**Task prompt**
Reproduce exactly the lines below from the one containing "For sale, a" through the one containing "hero-img-02 Close-up of", including both, and nothing else.

—————

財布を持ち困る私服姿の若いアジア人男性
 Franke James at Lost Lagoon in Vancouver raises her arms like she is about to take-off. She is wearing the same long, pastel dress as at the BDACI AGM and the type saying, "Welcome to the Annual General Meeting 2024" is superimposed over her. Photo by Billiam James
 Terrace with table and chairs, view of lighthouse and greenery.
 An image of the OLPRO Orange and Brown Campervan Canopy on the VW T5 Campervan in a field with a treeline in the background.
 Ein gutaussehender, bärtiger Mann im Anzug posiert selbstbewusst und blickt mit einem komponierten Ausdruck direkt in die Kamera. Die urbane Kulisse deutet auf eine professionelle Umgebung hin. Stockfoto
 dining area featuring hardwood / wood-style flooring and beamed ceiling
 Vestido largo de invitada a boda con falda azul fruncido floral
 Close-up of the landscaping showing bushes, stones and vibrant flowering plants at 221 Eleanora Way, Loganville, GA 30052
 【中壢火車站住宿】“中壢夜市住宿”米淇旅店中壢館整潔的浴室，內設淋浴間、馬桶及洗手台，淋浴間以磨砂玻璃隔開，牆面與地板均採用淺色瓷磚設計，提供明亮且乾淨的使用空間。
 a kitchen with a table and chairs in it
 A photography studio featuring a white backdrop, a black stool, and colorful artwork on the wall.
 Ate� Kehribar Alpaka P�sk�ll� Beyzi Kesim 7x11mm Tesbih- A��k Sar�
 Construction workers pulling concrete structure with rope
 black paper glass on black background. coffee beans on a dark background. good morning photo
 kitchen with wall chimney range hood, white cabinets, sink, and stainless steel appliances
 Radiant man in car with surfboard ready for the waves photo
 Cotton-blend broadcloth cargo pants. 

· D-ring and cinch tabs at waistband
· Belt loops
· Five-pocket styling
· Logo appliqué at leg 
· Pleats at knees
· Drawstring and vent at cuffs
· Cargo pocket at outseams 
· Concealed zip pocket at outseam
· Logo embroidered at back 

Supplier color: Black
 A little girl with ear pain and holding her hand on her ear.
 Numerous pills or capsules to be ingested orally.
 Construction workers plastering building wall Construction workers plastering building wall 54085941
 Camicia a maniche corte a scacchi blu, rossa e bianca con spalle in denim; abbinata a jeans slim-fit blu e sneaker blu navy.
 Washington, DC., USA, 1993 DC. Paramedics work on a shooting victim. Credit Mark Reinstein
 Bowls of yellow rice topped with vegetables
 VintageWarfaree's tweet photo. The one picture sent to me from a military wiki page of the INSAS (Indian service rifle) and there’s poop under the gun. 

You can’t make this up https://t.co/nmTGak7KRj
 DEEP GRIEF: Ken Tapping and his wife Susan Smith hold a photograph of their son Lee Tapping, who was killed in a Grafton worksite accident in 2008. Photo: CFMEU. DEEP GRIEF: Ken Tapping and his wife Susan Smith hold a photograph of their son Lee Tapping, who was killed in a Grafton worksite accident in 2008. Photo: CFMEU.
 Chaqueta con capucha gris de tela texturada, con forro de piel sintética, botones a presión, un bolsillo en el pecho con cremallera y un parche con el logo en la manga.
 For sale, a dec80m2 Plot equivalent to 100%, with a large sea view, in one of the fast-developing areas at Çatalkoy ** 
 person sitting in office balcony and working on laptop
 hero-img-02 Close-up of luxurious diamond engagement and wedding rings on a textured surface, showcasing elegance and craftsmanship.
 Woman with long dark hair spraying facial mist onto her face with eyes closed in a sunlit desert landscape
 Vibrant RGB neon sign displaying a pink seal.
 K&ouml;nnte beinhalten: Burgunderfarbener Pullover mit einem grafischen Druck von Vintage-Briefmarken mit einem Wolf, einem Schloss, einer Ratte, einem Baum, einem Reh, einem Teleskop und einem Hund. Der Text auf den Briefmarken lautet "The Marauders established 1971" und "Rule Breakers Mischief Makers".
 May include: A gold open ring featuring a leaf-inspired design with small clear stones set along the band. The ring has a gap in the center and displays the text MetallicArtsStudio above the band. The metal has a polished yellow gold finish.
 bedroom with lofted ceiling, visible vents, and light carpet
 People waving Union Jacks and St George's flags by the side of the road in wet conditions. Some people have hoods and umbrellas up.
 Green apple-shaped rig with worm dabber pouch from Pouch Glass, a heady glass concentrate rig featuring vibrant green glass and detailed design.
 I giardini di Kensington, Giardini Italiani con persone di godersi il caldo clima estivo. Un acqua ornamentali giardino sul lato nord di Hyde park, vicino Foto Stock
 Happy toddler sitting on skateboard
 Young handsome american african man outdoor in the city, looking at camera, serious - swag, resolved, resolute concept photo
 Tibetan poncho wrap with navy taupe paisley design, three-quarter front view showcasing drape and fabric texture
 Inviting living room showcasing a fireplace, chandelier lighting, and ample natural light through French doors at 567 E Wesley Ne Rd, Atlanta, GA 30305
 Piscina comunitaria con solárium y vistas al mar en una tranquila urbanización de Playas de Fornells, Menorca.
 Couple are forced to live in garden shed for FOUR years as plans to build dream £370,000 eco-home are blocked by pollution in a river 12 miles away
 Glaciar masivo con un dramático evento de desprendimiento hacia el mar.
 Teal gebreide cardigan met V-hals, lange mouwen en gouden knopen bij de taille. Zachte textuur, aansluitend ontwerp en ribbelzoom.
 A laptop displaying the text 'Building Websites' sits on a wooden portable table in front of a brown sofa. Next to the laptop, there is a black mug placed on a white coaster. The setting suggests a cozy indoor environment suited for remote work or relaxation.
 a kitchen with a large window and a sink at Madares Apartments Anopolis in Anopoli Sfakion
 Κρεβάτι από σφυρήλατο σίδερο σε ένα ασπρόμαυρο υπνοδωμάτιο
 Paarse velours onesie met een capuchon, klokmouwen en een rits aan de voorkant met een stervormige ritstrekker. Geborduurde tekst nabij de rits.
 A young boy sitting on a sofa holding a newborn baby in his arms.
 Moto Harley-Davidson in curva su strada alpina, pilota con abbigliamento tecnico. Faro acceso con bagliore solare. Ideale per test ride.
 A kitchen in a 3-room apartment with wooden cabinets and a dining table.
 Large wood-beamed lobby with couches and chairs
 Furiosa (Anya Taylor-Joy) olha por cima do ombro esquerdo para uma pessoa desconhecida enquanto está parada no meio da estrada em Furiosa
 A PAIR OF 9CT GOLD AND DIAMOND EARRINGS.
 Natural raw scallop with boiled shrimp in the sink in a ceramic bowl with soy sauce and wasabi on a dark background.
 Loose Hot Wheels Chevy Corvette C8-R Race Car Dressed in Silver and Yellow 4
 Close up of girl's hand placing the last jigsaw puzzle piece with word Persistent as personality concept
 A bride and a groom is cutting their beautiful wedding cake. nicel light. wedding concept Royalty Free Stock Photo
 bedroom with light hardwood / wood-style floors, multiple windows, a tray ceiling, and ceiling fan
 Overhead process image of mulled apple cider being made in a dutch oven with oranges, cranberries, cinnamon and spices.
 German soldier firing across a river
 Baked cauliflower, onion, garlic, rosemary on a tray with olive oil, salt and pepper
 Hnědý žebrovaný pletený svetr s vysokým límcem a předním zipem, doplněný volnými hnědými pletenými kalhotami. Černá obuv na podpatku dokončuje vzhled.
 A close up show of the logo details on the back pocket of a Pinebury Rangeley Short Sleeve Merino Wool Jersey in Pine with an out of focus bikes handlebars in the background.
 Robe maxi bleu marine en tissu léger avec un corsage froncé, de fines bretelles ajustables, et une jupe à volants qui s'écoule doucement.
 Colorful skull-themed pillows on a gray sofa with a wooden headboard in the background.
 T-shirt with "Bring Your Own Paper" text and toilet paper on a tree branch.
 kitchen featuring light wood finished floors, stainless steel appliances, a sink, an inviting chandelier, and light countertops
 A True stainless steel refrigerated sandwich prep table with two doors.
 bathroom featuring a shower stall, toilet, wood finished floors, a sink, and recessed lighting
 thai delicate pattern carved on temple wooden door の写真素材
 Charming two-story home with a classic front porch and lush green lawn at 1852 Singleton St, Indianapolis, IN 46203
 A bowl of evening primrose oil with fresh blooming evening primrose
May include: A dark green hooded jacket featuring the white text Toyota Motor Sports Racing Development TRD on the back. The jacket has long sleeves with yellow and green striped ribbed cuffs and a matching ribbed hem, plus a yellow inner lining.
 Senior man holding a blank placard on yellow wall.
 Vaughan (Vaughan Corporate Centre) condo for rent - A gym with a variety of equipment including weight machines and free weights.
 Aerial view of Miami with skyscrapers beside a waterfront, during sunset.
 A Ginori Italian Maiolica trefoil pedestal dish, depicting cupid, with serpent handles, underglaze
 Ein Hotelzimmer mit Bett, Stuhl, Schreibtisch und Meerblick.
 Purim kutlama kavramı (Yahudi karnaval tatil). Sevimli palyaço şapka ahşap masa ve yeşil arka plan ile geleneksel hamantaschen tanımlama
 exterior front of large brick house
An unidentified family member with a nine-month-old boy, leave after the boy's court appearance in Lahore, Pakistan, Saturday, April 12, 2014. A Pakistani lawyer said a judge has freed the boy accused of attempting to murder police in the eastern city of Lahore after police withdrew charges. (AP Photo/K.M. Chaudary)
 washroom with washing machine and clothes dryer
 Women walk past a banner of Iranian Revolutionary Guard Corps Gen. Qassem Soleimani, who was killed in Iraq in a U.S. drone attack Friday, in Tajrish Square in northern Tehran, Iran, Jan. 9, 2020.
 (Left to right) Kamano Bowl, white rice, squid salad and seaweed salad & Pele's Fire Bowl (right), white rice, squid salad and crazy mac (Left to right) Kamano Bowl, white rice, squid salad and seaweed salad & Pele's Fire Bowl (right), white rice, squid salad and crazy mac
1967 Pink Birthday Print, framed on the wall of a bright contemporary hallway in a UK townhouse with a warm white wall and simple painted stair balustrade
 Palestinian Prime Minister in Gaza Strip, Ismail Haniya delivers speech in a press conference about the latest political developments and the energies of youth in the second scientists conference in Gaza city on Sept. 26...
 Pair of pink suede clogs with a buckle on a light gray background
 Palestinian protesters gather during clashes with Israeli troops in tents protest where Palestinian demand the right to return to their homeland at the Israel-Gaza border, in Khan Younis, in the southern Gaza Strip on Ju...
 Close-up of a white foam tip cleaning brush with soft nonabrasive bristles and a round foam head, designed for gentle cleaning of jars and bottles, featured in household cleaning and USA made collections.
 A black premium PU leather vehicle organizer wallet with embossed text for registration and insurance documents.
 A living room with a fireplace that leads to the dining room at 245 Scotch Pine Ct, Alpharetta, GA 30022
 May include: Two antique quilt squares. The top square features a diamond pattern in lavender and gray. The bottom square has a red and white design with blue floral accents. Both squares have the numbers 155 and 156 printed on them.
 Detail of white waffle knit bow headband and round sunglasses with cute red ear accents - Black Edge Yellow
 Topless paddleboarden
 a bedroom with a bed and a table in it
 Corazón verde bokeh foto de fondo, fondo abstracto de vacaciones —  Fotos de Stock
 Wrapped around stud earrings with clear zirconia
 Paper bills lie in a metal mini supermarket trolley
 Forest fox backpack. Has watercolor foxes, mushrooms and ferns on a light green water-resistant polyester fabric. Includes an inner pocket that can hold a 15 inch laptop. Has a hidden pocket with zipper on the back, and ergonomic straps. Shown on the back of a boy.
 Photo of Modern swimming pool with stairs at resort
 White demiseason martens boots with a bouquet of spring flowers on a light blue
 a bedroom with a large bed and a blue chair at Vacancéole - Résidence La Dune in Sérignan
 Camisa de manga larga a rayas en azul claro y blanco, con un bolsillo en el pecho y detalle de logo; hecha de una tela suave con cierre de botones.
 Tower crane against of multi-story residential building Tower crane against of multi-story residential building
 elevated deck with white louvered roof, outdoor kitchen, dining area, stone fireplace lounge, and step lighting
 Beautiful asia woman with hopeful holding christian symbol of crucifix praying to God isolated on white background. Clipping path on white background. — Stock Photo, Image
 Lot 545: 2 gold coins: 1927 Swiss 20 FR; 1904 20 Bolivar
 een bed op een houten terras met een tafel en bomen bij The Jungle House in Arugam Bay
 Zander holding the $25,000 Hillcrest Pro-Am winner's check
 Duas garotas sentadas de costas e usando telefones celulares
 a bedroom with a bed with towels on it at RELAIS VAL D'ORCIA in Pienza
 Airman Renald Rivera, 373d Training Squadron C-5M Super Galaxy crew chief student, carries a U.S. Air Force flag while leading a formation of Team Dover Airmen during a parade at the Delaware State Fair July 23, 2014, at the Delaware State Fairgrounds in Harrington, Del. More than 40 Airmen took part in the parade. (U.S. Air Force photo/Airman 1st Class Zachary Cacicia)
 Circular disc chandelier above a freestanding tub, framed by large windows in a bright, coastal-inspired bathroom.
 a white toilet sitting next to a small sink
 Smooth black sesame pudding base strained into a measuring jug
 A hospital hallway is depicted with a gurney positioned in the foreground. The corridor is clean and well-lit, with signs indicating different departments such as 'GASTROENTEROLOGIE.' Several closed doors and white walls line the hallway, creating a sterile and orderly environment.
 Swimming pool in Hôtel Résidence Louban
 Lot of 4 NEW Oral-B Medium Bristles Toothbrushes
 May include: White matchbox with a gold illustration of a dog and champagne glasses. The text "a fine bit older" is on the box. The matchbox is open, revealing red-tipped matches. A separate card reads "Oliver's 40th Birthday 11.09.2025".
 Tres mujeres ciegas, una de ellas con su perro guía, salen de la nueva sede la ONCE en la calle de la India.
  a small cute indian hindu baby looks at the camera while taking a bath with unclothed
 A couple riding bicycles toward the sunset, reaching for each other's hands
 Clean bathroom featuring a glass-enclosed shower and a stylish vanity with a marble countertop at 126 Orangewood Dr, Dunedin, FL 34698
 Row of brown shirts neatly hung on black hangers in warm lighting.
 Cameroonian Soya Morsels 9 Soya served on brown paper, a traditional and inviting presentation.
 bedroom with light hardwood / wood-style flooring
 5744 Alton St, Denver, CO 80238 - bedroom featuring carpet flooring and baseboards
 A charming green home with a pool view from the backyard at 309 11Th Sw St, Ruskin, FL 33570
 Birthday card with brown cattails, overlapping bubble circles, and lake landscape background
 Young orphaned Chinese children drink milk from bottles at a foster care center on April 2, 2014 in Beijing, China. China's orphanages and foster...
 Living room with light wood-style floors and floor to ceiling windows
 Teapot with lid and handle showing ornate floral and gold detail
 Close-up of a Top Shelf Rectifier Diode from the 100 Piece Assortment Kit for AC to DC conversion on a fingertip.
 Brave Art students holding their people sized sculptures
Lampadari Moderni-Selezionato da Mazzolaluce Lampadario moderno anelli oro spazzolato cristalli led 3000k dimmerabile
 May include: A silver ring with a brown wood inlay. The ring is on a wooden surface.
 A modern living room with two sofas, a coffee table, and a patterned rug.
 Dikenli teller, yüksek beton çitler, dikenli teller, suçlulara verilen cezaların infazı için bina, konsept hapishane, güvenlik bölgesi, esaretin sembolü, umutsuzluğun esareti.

—————

**Reply**
 For sale, a dec80m2 Plot equivalent to 100%, with a large sea view, in one of the fast-developing areas at Çatalkoy ** 
 person sitting in office balcony and working on laptop
 hero-img-02 Close-up of luxurious diamond engagement and wedding rings on a textured surface, showcasing elegance and craftsmanship.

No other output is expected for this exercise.